Epiphanie : Origines et Traditions

L'Epiphanie et les Rois Mages

Fêtée le 6 janvier, la venue des rois mages Gaspard, Melchior et Balthazar chargés des présents qui sont l’or, l’encens et la myrrhe reconnaissent par ce geste la naissance du messie.

 L’Epiphanie devenue la fête des rois est symbolisée par une galette ou l’on cachera une fève afin de trouver le roi ou la reine de la journée.

Une tradition très enfantine perdure, en effet c’est un enfant qui distribuera les parts de gâteau.

Etant caché sous la table il n’aura pu voir où se trouve la fève et désignera l’heureux élu de chaque part.

L’histoire dit que Frédéric Barberousse fit transférer les reliques des 3 rois mages en 1164 à Cologne afin de les remettre à la cathédrale récemment reconstruite.

Devenus ainsi les patrons de la cathédrale et partant de toute la cité, les rois mages y furent désormais vénérés comme des saints de l’Eglise d’Occident.

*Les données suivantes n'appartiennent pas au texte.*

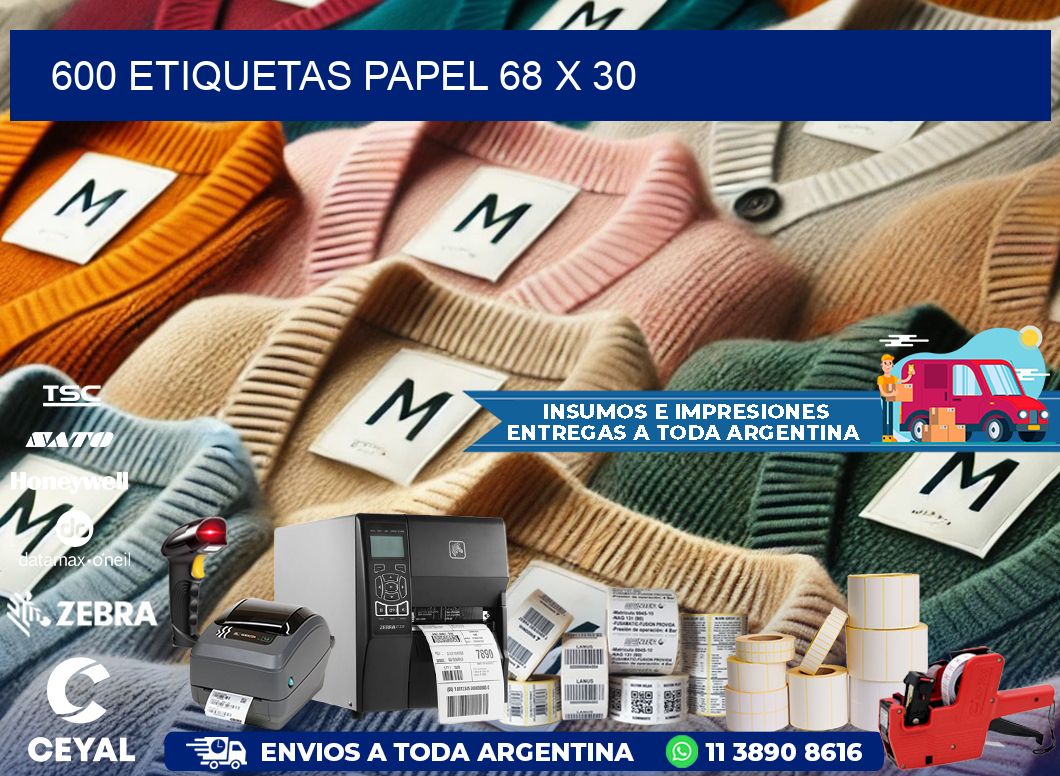 600 ETIQUETAS PAPEL 68 x 30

Le culte des rois mages se répand d’abord dans la vallée du Rhin et gagne notamment l’Alsace, où il se prolonge par des usages populaires : ainsi les tournées, à travers les rues des villes ou des villages, d’enfants ou de jeunes gens dont trois sont déguisés en rois et dont l’un porte une grande étoile de carton fixée au bout d’un bâton.

Ces processions entonnaient des chants spécifiques et s’arrêtaient volontiers devant les maisons où il pouvait leur être distribué quelques pommes, noix ou fruits secs.

Quant à la galette des rois, la tradition paraît être née vers la Renaissance au sein des milieux corporatifs rhénans, à une époque où les guildes urbaines assuraient un encadrement à la fois économique, social, religieux et même récréatif de la vie des compagnons de métiers.

 Les corporations ne manquaient pas de célébrer par des banquets les principales fêtes religieuses.

Dans les locaux de réunion ou le vin et la bière ne manquaient pas, leurs membres pouvaient, loin de leurs foyers, se livrer à divers rituels de confraternité virile, par exemple élire bruyamment un roi de la fête ; et cet usage s’est tout naturellement cristallisé sur la fête si bien nommée des rois.

Dans le journal tenu par un compagnon verrier de Strasbourg, et retrouvé par un historien local à la fin du XIXe siècle, il apparait la date de 1625 qui constitue la première mention connue de la tradition de la galette des rois en Alsace, et peut-être du même coup dans le monde, tant il est vrai que l’Alsace fut pionnière en bien des domaines.

Le passage rédigé en vieil allemand régional: “Uff der heilige Dreikönigstag pflegen sie Königskuchen zu backen, und in einem jedwedern Kuchen steckt eine Bohne, und wer den dieselbige bekompt, der wird für ein König gehalten “. (Le jour des trois saints rois ils ont coutume de faire des gâteaux des rois ; dans chacun d’eux est cachée une fève, et celui qui la trouve est reconnu comme le roi).


Mais l’on se demandera peut-être, pourquoi employer une fève ?

D’abord, un haricot durci caché dans un gâteau se remarque immanquablement à la morsure, tout en étant lui-même un produit comestible, ce qui ne serait pas le cas d’un caillou ou d’un objet métallique qui profanerait en quelque sorte la nourriture, et surtout présenterait beaucoup plus de risques de fracturer une dent. Ensuite. La consommation de fèves cuites était extrêmement courante en Alsace à l’époque, notamment au cours des banquets corporatifs, au point de donner lieu à une chanson satirique dite Bohnelied, “chant du haricot”.

Cette coutume de la galette des rois n’a donc guère varié depuis plusieurs siècles, si ce n’est que les pois secs ont été progressivement remplacés par des fèves en porcelaine, aux motifs variés et bien vite collectionnés, puis plus récemment par de petites figurines en matière plastique.

L’usage aurait cependant pu tomber en désuétude si les efforts de communication et de promotion des professionnels de la boulangerie-pâtisserie n’en avaient décidé autrement. Naguère confinée au seul jour de l’Epiphanie, c’est désormais de la fin décembre à la fin janvier que la galette des rois envahit les rayons des magasins spécialisés comme des supermarchés.

Par ailleurs, si elle demeure majoritairement une préparation de pâte feuilletée fourrée de frangipane, elle se décline de plus en plus en diverses autres spécialités sucrées ou salées, ainsi les galettes à la volaille, au boudin blanc ou au saumon.